# PROBLEM REQUIREMENTS
Nothing outside the range below should be printed. Output exactly the lines from the line with "Spin-NeuroMem: a low-power" to the line with "Click to Enlarge", both included.

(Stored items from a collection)
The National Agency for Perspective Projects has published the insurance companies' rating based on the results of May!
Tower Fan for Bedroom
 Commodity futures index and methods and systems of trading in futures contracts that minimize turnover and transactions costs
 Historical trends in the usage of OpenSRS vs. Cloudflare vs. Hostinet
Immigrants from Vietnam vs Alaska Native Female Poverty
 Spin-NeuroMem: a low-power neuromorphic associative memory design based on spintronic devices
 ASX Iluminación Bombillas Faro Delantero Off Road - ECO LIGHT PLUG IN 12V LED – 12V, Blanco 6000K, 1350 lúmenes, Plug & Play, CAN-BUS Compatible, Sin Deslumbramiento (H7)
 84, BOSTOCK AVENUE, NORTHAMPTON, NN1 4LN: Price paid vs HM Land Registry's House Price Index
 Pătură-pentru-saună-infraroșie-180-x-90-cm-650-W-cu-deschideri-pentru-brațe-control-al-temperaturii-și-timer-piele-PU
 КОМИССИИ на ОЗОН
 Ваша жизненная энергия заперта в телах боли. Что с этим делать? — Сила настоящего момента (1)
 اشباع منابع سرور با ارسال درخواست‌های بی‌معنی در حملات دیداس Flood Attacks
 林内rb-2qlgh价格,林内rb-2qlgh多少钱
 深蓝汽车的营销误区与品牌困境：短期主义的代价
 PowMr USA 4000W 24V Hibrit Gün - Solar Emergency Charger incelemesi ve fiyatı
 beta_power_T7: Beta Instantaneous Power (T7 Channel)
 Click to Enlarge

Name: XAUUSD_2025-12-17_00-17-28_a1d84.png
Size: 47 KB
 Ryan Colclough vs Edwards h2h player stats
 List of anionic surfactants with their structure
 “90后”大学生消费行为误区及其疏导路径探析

# FINISHED EXERCISE
 Spin-NeuroMem: a low-power neuromorphic associative memory design based on spintronic devices
 ASX Iluminación Bombillas Faro Delantero Off Road - ECO LIGHT PLUG IN 12V LED – 12V, Blanco 6000K, 1350 lúmenes, Plug & Play, CAN-BUS Compatible, Sin Deslumbramiento (H7)
 84, BOSTOCK AVENUE, NORTHAMPTON, NN1 4LN: Price paid vs HM Land Registry's House Price Index
 Pătură-pentru-saună-infraroșie-180-x-90-cm-650-W-cu-deschideri-pentru-brațe-control-al-temperaturii-și-timer-piele-PU
 КОМИССИИ на ОЗОН
 Ваша жизненная энергия заперта в телах боли. Что с этим делать? — Сила настоящего момента (1)
 اشباع منابع سرور با ارسال درخواست‌های بی‌معنی در حملات دیداس Flood Attacks
 林内rb-2qlgh价格,林内rb-2qlgh多少钱
 深蓝汽车的营销误区与品牌困境：短期主义的代价
 PowMr USA 4000W 24V Hibrit Gün - Solar Emergency Charger incelemesi ve fiyatı
 beta_power_T7: Beta Instantaneous Power (T7 Channel)
 Click to Enlarge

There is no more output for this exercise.